Leave it to a couple NASA scientists to develop technology that supercharges their smartwatches. NASA announced this week that it has applied for a patent on a technology that lets wearable devices reflect wireless signals instead of using traditional transmitters and receivers. Once the new tech is implemented, it should speed up data transmission over Wi-Fi networks while simultaneously reducing power costs – dramatically.

NASA WiFi
Image credit: NASA

“The idea is if the wearable device only needs to reflect the Wi-Fi signal from a router or cell tower, instead of generate it, the power consumption can go way down (and the battery life can go way up),” said Adrian Tang of NASA’s Jet Propulsion Laboratory in Pasadena, California. He worked with M.C. Frank Chang at the University of California, Los Angeles to create the microchip, which can be built into wearable devices like smartwatches.

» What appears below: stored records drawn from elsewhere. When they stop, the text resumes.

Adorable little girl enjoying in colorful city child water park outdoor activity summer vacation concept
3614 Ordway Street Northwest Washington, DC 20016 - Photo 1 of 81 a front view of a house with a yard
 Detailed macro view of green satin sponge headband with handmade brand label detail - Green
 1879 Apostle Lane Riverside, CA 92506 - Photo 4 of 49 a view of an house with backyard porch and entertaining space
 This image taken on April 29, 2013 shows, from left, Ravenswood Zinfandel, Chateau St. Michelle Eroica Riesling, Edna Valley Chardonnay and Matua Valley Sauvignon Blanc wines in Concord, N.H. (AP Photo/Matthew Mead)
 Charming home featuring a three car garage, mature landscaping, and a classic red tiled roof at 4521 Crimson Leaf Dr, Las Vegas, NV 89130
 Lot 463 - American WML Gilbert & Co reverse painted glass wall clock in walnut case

The NASA researchers created a wireless chip that suppresses background reflections so the system can differentiate between Wi-Fi signals and reflections. Because walls, ceilings, and other objects reflect signals, a system that doesn’t have the suppression technology may not be able to identify the correct signal.

So far, the technology looks like it will have a huge impact on wearable power consumption. According to the researchers, it uses 1,000 times less power than a typical Wi-Fi link and can transmit data at as much as 330 megabits per second at a distance of 8 feet. The technology has been tested at distances as high as 20 feet. Wi-Fi service and a base station are required, and it must be plugged in (or have huge battery life), as it will have a higher power draw than traditional devices. The researchers plan to look at ways to fix the power draw issue.

NASA WiFi Chip
Image credit: NASA

“You can send a video in a couple of seconds, but you don’t consumer the energy of the wearable device. The transmitter externally is expending energy – not the watch or other wearable,” Chang said in a statement. 

At the moment, NASA sees an array of potential commercial uses for the technology, especially as wearables are heating up in health industries. It’s also the sort of technology that could find a home in space vehicles.